The Colour Of Memory

May 4, 2008

Twenty More

Filed under: Books, Music — Tags: , — rottenhat @ 11:13 am

April 25, 2008

We Are All Visceral Realists Now

Filed under: Books — Tags: , — rottenhat @ 4:41 pm

Roberto BolanoLanguage still creates islands that the immediacy of modern communications has not erased. It remains possible for a writer to create a substantial oeuvre encompassing poetry, short stories and novels, to win a number of awards and be acclaimed as the most important figure of his generation by fellow writers, to die an early death, and be largely unknown to the English-speaking public. But for a review in the LRB I would probably still be unaware of the Chilean writer, Roberto Bolano, and it took me six months to actually get around to ordering the Savage Detectives. It will be another seven months before Farrar, Straus and Giroux publish his other novel 2666 in translation. Now that I know his name, I start to see it in other places…another book, by Cesar Aira, with a glowing encomium from Bolano prominent on the cover. Still, there’s a faint air of unreality about it, as though he were a creation of Borges, somehow retroactively himself backwards into history.

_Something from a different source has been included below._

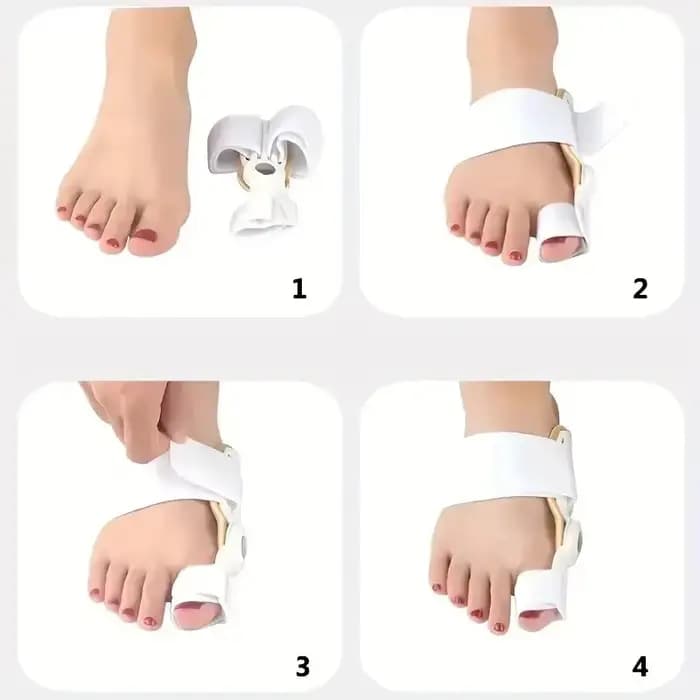 Orthèse pour Hallux Valgus (Oignon) – Modèle Jour et Nuit – Chaussures pour Hommes et Femmes avec Doigts Superposés – Outil d'Orthèse pour l'Éversion du Grand Orteil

The Savage Detectives is real enough, a big, sprawling, unpredictable book that took me three weeks to finish. It’s written in three parts - excerpts from the diaries of Juan Garcia Madero bookend the four hundred page middle section, an oral history of the lives of the visceral realist poets Arturo Belano and Ulises Lima told in a dazzling multiplicity of competing voices. Madero is callow, a young poet inspired by his induction into the ranks of the visceral realists, and his diaries reflect this - the writing is sometimes flat, sometimes jarring, but sets the scene for the flight of all three from Mexico City with a vengeful pimp in pursuit which ends the first section. Then the babel breaks loose - the glorious cavalcade of thirty or forty contending voices describing their encounters with Belano and Lima. What is interesting is that these characters, from the garrulous old poet Amadeo Salvatierra to the deranged architect Quim Font, become far more vivid than the men they are talking about. The stories contradict each other and as the different views overlay each other, the image becomes blurred. The history moves forward more or less chronologically, with increasingly large gaps in time separating the accounts, until finally there are no further memories of either Belano or Lima. The visceral realist leaders vanish from the pages of history, and the academic who is their self-appointed historian denies that there ever was a poet named Juan Garcia Madero.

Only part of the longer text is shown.